There has been a somewhat unexpected further reduction of the Serbian one-week repo rate to 11.0%.  In mid-May, such was cut for the first time since early 2012  to 11.25% from 11.75%.

Japan’s chief cabinet secretary said Japan’s economy mostly benefits from a softer yen except in the case of some importers.

As expected, the Bank of England left policy settings unchanged this month.  Minutes of the June meeting will be published on the 19th of this month.

The ECB, whose refinancing rate was cut 25 bps to 0.5% last month, is not expected to ease policy further today. Economic sentiment and PMI figures for May showed some improvement, although the recession continues.

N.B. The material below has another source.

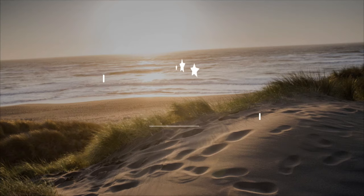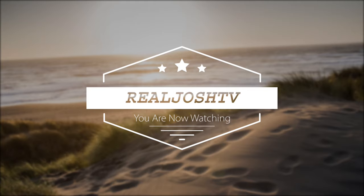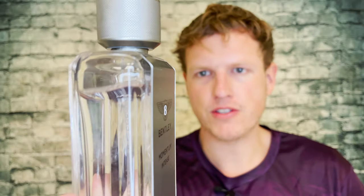Hey, what's up guys, it's Josh here. Today I want to do a little re-review on the Bentley Momentum Intense. This is a fragrance that I really enjoyed the first time I tried it — one of the highest recommended cheap fragrances I had smelled at the time. And to be honest, this one still is for sure, probably in the top five most recommended cheap fragrances I've ever come across.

Yesterday’s released Federal Reserve Beige Book depicted accelerating growth in the Dallas District and a range of modest to moderate expansion in the other 11 central bank districts of the United States.

The dollar is mixed, dropping 0.3% against sterling, 0.2% relative to the Canadian dollar and 0.1% against the euro and Swiss franc but gaining 0.4% against the Australian dollar and 0.1% versus the yen, kiwi and yuan.

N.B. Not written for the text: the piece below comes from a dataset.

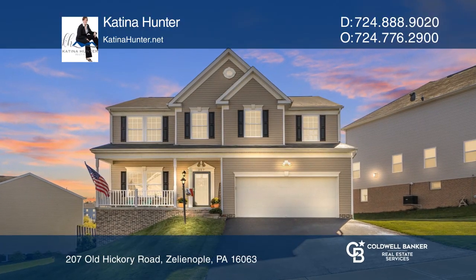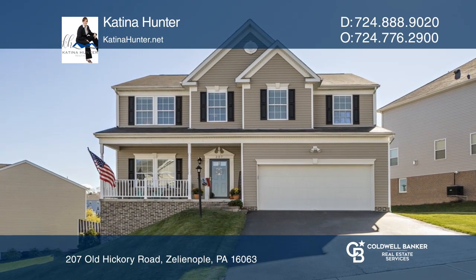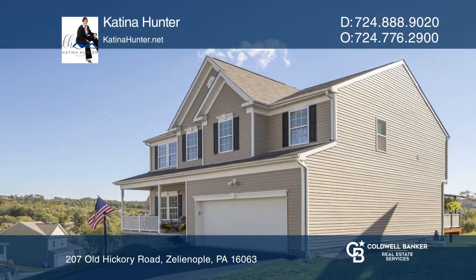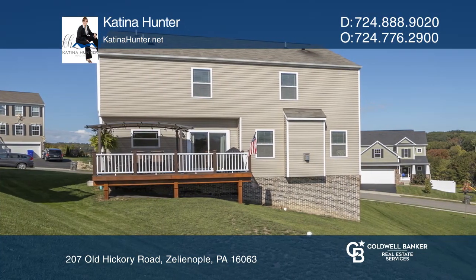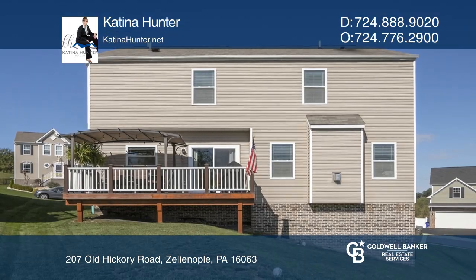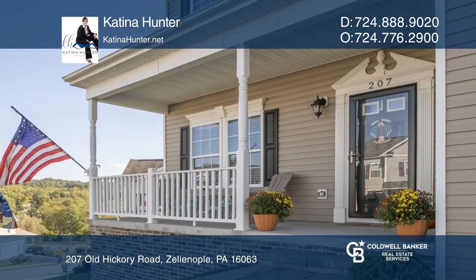This stunning home is in an idyllic neighborhood and anything but cookie cutter. An open concept throughout accentuates the spacious living area. The custom eat-in kitchen is the perfect place for family time and entertaining. The back door leads to a maintenance-free Trex deck with a pergola sprawling overhead.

The 10-year JGB yield is four basis points lower after a successful 30-year JGB auction that produced a bid-cover ratio of more than 4.0.  The 10-year British gilt is off a basis point, and the 10-year German bund is steady. 

German industrial orders sank 2.3% in April.  The drop surpassed expectations and undid March’s 2.3% increase, leaving April’s level 0.1% below the first quarter average.  Orders for domestic capital goods, a leading indicator of future business spending, dropped 3.2%, and foreign orders were 1.5% lower.  The one bright spot was a strong advance in orders for consumer goods.  Total industrial orders were 0.4% below their year-earlier level.

The German construction PMI printed in May at 50.6 after 13 straight sub-50 readings including 48.8 in April.

Swiss consumer prices ticked up 0.1% between April and May but posted a deflationary 0.5% 12-month rate of decline.

The Halifax measure of British house prices increased 0.4% in May and accelerated to a 2.6% on-year advance in March-May from 2.0% in February-April.  The data were a bit stronger than forecast.  The U.K. construction PMI released on Tuesday had shown a 1.4-point improvement to a seven-month high of 50.8.  British new car sales were 11.0% higher in May than a year earlier. 

Global PMI readings compiled by J.P. Morgan revealed a 1.6-point rise in the service-sector activity index to 53.7 and a 1.2-point improvement to 53.1 in the composite index of both manufacturing and services.

Ireland’s services purchasing managers index worsened 2.5 points to 52.7 but managed to stay above the 50 no-change threshold for a tenth month in a row.

The Greek jobless rate rose to 26.8% in March from 26.7% in February.  Irish unemployment stayed at 13.7% last month.  Dutch CPI inflation edged up to 2.8% in May from 2.6% the month before.

Australia’s trade surplus in April narrowed to A$ 28 million following surpluses of A$ 203 million in February and A$ 555 million in March.  Between March and April, exports fell by 1.2%, while imports rose 0.9%.

Japanese stock and bond transactions last week generated a JPY 999 billion capital inflow, which was 43% greater than the prior week’s net inflow.  Japanese investors sold a net JPY 1.173 trillion of foreign bonds last week.

U.S. jobless insurance claims are due at 08:30 EDT (12:30 GMT).  At the same time, ECB Pdt Draghi will begin a press conference to answer questions about the Governing Council’s latest thoughts about economic trends and policy responses.